- Your instructions -
Copy exactly the lines of the data below that run from the line holding "back of house" through the line holding "Macro view of", both ends included.

=== Data listing ===

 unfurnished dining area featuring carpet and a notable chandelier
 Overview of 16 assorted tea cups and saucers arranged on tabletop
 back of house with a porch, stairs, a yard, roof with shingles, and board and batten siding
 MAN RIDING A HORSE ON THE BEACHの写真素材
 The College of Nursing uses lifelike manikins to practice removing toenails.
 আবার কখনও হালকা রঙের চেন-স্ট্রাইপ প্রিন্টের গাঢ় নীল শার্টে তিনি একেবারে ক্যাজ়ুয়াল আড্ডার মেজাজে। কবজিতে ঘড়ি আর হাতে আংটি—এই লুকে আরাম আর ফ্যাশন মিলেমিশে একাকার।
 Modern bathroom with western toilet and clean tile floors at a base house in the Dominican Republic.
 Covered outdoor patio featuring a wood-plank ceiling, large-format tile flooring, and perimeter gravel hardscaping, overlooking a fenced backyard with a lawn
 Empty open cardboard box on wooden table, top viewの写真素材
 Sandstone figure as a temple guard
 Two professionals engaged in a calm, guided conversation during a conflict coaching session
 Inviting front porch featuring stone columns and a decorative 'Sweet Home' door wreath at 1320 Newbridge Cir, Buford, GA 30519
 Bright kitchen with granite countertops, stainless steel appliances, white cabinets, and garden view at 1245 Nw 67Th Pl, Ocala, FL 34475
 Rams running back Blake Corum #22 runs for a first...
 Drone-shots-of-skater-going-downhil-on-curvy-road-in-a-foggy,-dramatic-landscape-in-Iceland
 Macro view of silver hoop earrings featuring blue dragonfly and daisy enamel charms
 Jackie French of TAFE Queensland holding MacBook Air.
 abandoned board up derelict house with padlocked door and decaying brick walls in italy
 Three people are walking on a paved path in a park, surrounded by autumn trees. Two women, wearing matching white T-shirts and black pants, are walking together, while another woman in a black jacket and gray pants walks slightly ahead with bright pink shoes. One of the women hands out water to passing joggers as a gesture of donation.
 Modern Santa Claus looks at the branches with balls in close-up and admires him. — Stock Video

===

- Solution to this task -
 back of house with a porch, stairs, a yard, roof with shingles, and board and batten siding
 MAN RIDING A HORSE ON THE BEACHの写真素材
 The College of Nursing uses lifelike manikins to practice removing toenails.
 আবার কখনও হালকা রঙের চেন-স্ট্রাইপ প্রিন্টের গাঢ় নীল শার্টে তিনি একেবারে ক্যাজ়ুয়াল আড্ডার মেজাজে। কবজিতে ঘড়ি আর হাতে আংটি—এই লুকে আরাম আর ফ্যাশন মিলেমিশে একাকার।
 Modern bathroom with western toilet and clean tile floors at a base house in the Dominican Republic.
 Covered outdoor patio featuring a wood-plank ceiling, large-format tile flooring, and perimeter gravel hardscaping, overlooking a fenced backyard with a lawn
 Empty open cardboard box on wooden table, top viewの写真素材
 Sandstone figure as a temple guard
 Two professionals engaged in a calm, guided conversation during a conflict coaching session
 Inviting front porch featuring stone columns and a decorative 'Sweet Home' door wreath at 1320 Newbridge Cir, Buford, GA 30519
 Bright kitchen with granite countertops, stainless steel appliances, white cabinets, and garden view at 1245 Nw 67Th Pl, Ocala, FL 34475
 Rams running back Blake Corum #22 runs for a first...
 Drone-shots-of-skater-going-downhil-on-curvy-road-in-a-foggy,-dramatic-landscape-in-Iceland
 Macro view of silver hoop earrings featuring blue dragonfly and daisy enamel charms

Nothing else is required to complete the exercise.